◆ GOAL OF THE EXERCISE
The line containing "Bath in riverbed in front of Fujiya" marks the start; extract exactly from it through the last line of the entries, and omit any pictures.

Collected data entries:
=======
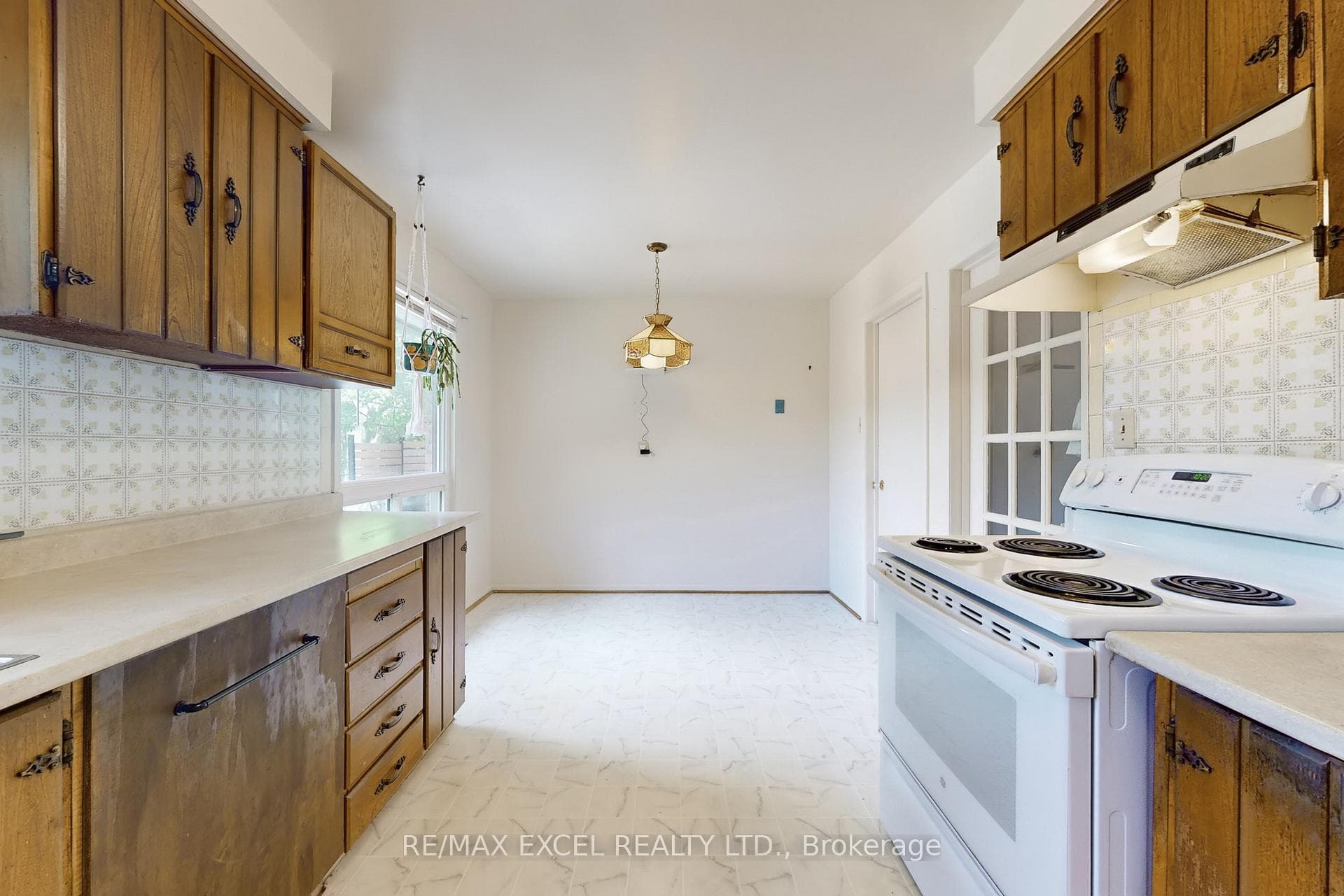 614 Village Parkway photo 10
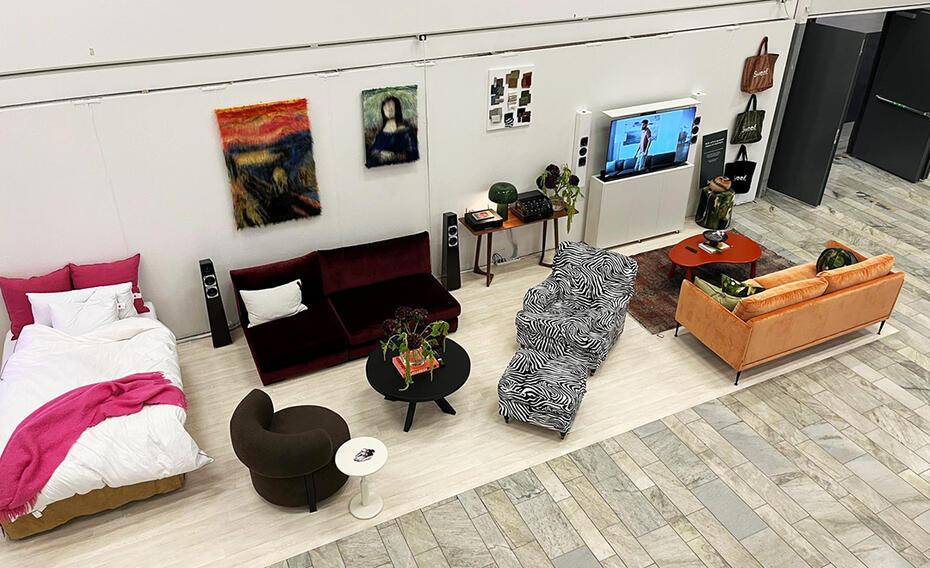 Armário M AV Cabinet TV-Lift 55¨ Slimline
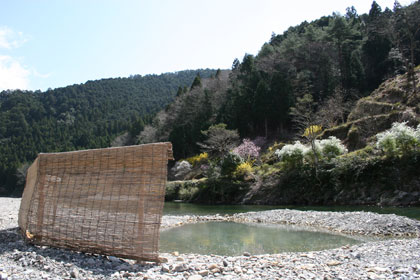 Bath in riverbed in front of Fujiya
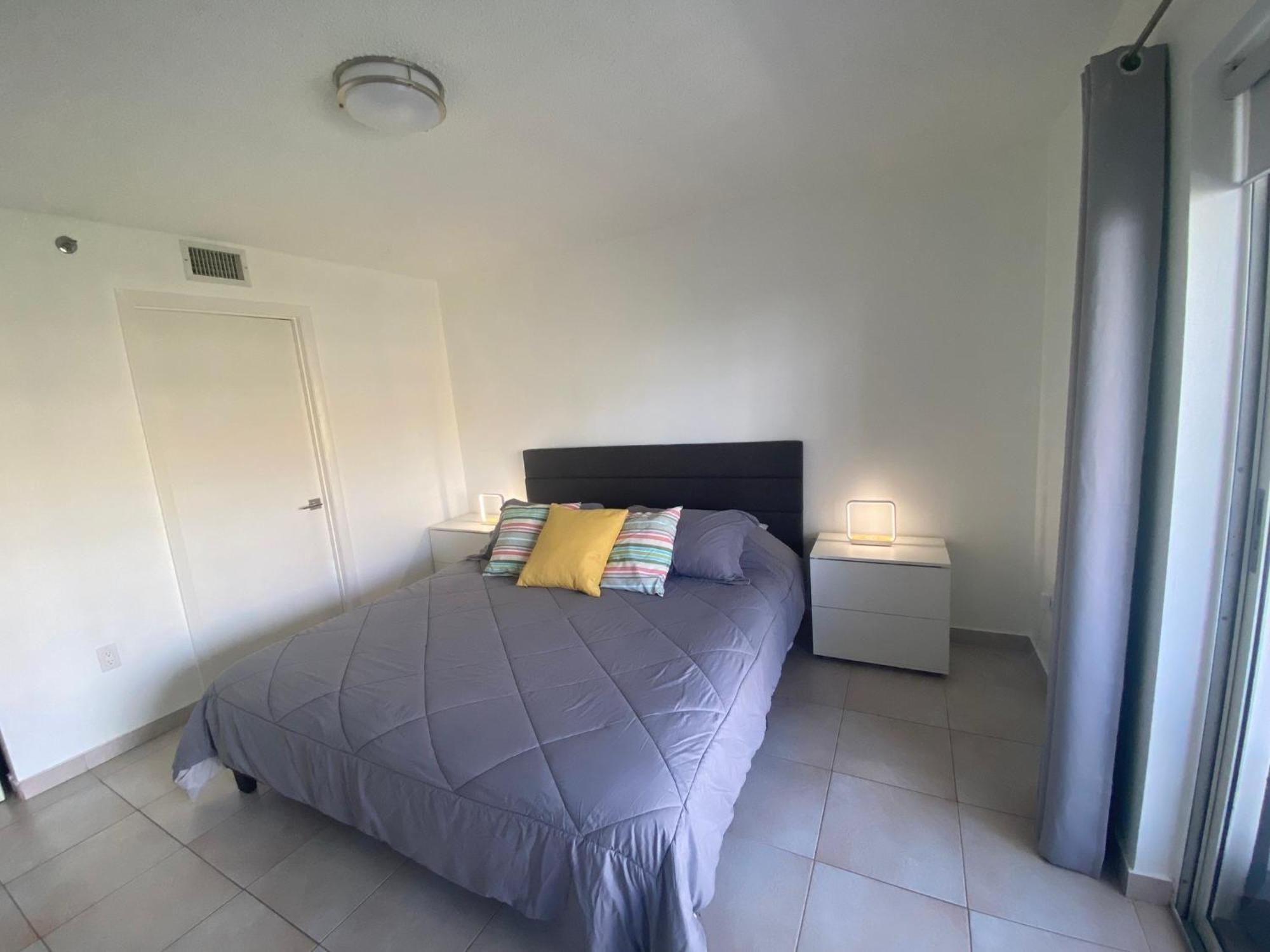 Le Frontenac Sunny Isles Beach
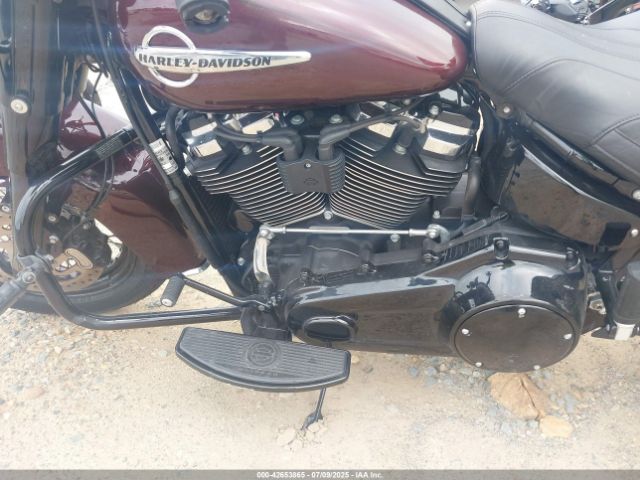 2018 HARLEY-DAVIDSON FLHC 1HD1YAJ13JC032790 Photo 8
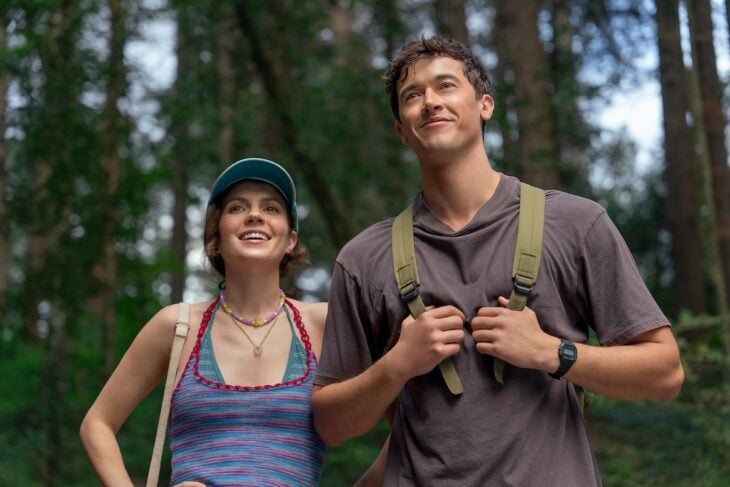 People We Meet on Vacation | Tell-Tale TV People We Meet on Vacation People We Meet on Vacation Review: The Perfect Rom-Com to Kick Off the Year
=======
◆ RESPONSE TO THE TASK
 Bath in riverbed in front of Fujiya
 Le Frontenac Sunny Isles Beach
 2018 HARLEY-DAVIDSON FLHC 1HD1YAJ13JC032790 Photo 8
 People We Meet on Vacation | Tell-Tale TV People We Meet on Vacation People We Meet on Vacation Review: The Perfect Rom-Com to Kick Off the Year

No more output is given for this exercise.